Download or read book Beyond Slavery's Shadow written by Warren Eugene Milteer Jr. and published by UNC Press Books. This book was released on 2021-09-15 with total page 376 pages. Available in PDF, EPUB and Kindle. Book excerpt: On the eve of the Civil War, most people of color in the United States toiled in bondage. Yet nearly half a million of these individuals, including over 250,000 in the South, were free. In Beyond Slavery's Shadow, Warren Eugene Milteer Jr. draws from a wide array of sources to demonstrate that from the colonial period through the Civil War, the growing influence of white supremacy and proslavery extremism created serious challenges for free persons categorized as "negroes," "mulattoes," "mustees," "Indians," or simply "free people of color" in the South.
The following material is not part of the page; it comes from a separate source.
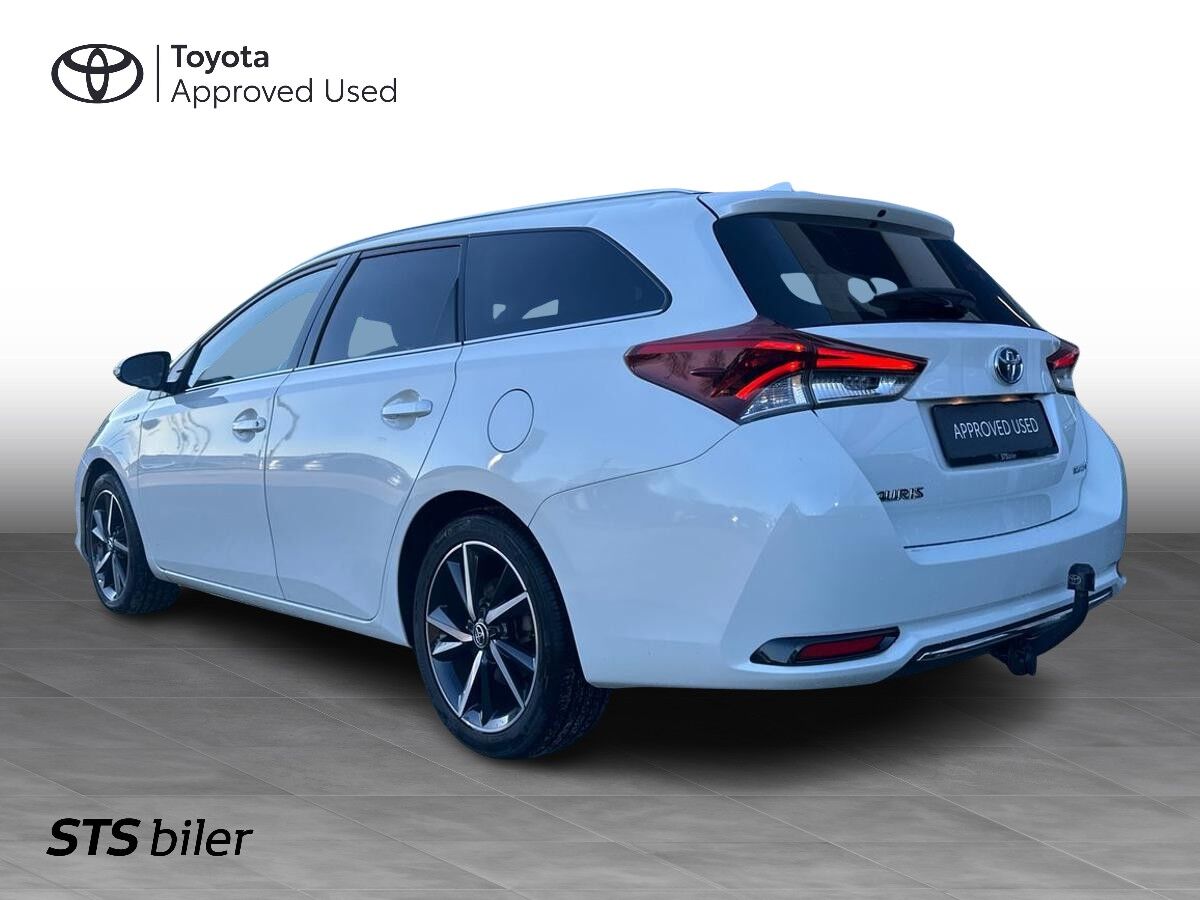 Billede af Toyota Auris Touring Sports 1,8 Hybrid H2 Selected 136HK Stc Aut.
Segregation, exclusion, disfranchisement, and discriminatory punishment were ingrained in their collective experiences. Nevertheless, in the face of attempts to deny them the most basic privileges and rights, free people of color defended their families and established organizations and businesses. These people were both privileged and victimized, both celebrated and despised, in a region characterized by social inconsistency. Milteer's analysis of the way wealth, gender, and occupation intersected with ideas promoting white supremacy and discrimination reveals a wide range of social interactions and life outcomes for the South's free people of color and helps to explain societal contradictions that continue to appear in the modern United States.